Meeting the Challenges of VoIP ATA Designs

Meeting the Challenges of VoIP ATA Designs
By Jeff Dionne, Arcturus Networks; and Brian Davis, Renesas Technology America, CommsDesign.com
Jun 8 2004 (10:00 AM)
URL: http://www.embedded.com/showArticle.jhtml?articleID=21402084

Voice-over-IP (VoIP) has been a shining star in still a tough communication sector. Both cable operators and traditional telecom providers are offering or adding VoIP capabilities to their networks. And, going forward, they plan to increase their VoIP deployments to end users.

One of reasons that VoIP has become so successful is through the development of analog telephone adapter (ATA) boxes that allow consumers to tap VoIP services while still using their existing telephone sets. While a number of these systems have been deployed, there is a clear demand at the carrier level to build more ATA systems. The problem, however, is that these systems are extremely challenging. At the same time, they have to be cheap enough to be covered by a subsidy at retail or recovered over time from the customer's monthly bill.

These challenges require designers to re-evaluate the software and hardware design approaches they are taking during the development of an ATA. In this article, we'll look at some of the key hardware and software decisions that must be made. We'll also show potential technology choices that will allow designers to meet the performance and cost demands of today's operators.

Hardware Design Consideration
Consumer VoIP ATA hardware developers need to balance many factors to produce a cost-effective product that delivers toll-quality voice. Core processor selection is the first and perhaps most critical decision since this device will dictate the bulk of the bill of materials cost, controlling essential functions including external peripherals, non-volatile and run-time data storage.

Depending on a designer's familiarity with a particular processor, he or she may choose to use a familiar device and integrate an external digital signal processor (DSP) for voice processing operations such as compression and decompression and echo cancellation. Typically, a 32-bit RISC processor handles network and signaling protocols such as TCP/IP and the session initiation protocol (SIP). While it is possible to use a RISC-only processor to handle both voice and control functions, it would likely only support a single voice channel using a simple codec.

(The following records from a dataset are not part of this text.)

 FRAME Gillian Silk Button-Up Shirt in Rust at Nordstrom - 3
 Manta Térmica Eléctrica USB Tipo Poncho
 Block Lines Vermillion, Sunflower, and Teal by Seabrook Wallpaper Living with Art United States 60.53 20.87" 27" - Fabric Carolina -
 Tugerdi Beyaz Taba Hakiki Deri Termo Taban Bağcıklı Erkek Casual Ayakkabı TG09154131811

A dual-processor core implementation gives the engineer greater flexibility and the added benefit of using a single package. An example would be to use a processor with a RISC core and a DSP core. There are various low-cost devices available on the market and this type of device currently drives much of the existing consumer VoIP product landscape. A dual-core environment does require dual-processor software development, debugging and the management of inter-processor communication. This can add a development burden to the software front. Most semiconductor vendors have tool solutions to assist with this process.

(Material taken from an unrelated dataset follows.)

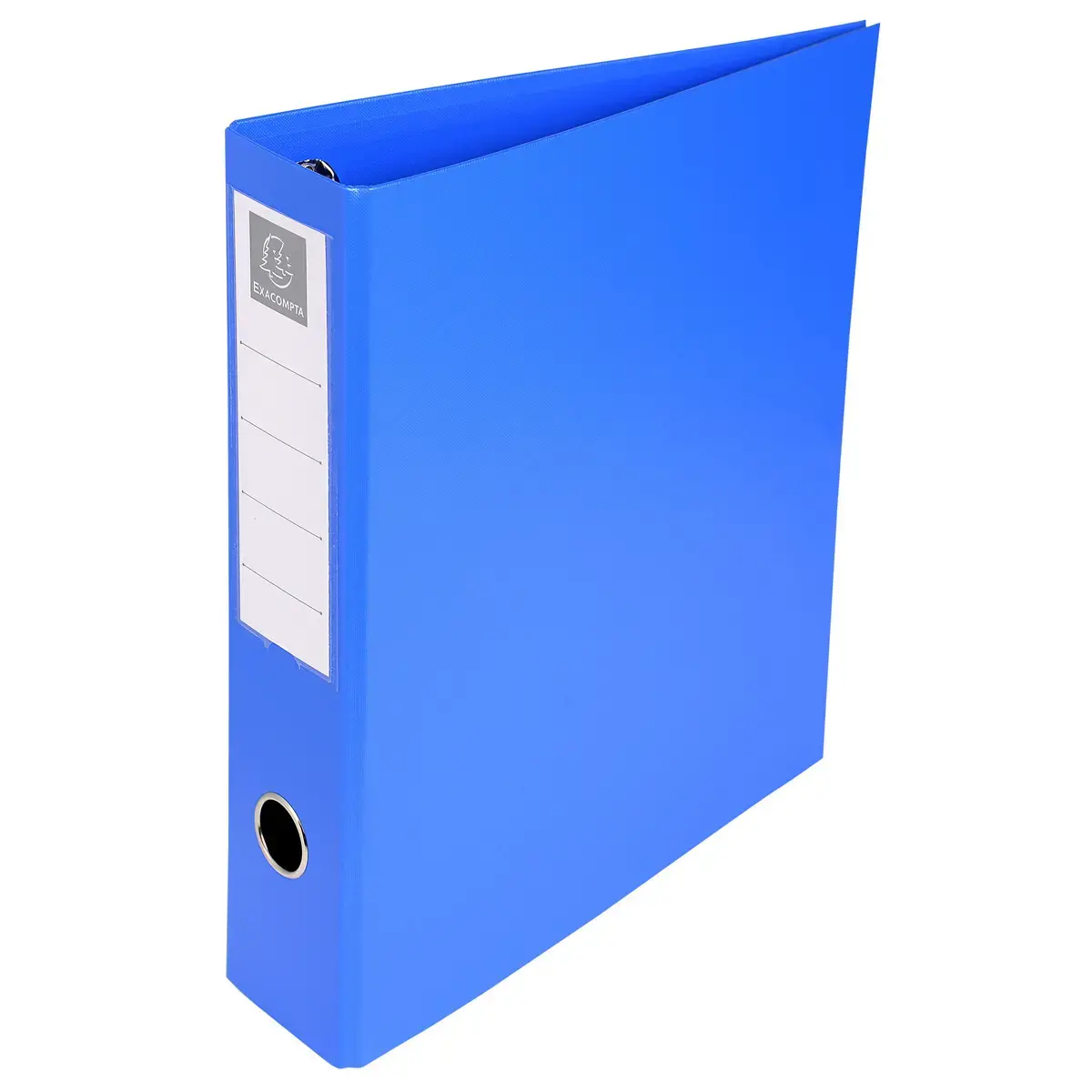 Classeur rembordé PVC 4 anneaux en D de 50mm en 3ème de couverture - A4 maxi - Bleu - EXACOMPTA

Another option is to use a RISC/DSP processor with dual execution units but a single instruction pipeline. A RISC/DSP solution is capable of supporting both voice processing and network protocol functions without the need for inter-processor communication. As a result, inter-processor communication overhead between the RISC and the DSP is eliminated, which helps ensure good voice quality.

Most voice processing algorithms require the use of multiply-accumulate (MAC) and other mathematical operations in loops. A full-featured DSP with on-chip memory, single-cycle MAC instructions, zero-overhead loops, barrel shifters, and modulo addressing improves system performance significantly. An integrated RISC/DSP processor eliminates the need and cost of a separate DSP, simplifies the overall design complexity, and can reduce time-to-market.

Peripherals and Memory Matter
On-chip peripherals are also a key to design a cost-effective VoIP ATA product. For example, having on-chip dual Fast Ethernet MACs eliminates the need for external Ethernet controllers and ensures the product can scale to multi-port LAN/WAN configurations.

Most dual MAC devices include an integrated Ethernet bridge that can auto-forward Ethernet frames without CPU intervention, allowing it to focus on other tasks such as routing, in the case of a simple device without integrated router or firewall functionality. A processor running at 200 MIPS or so can also support network routing, network address translation (NAT) and firewall functions at near wire speed. Business class devices require strong cryptography and integrated hardware acceleration for symmetric ciphers. As a result, message digest will become more important over time.

A pulse coder modulation (PCM) interface with transmit and receive FIFOs is also required to enable the designer to seamlessly connect a variety of audio codecs as well as audio codec/SLIC combo devices for VoIP adapters.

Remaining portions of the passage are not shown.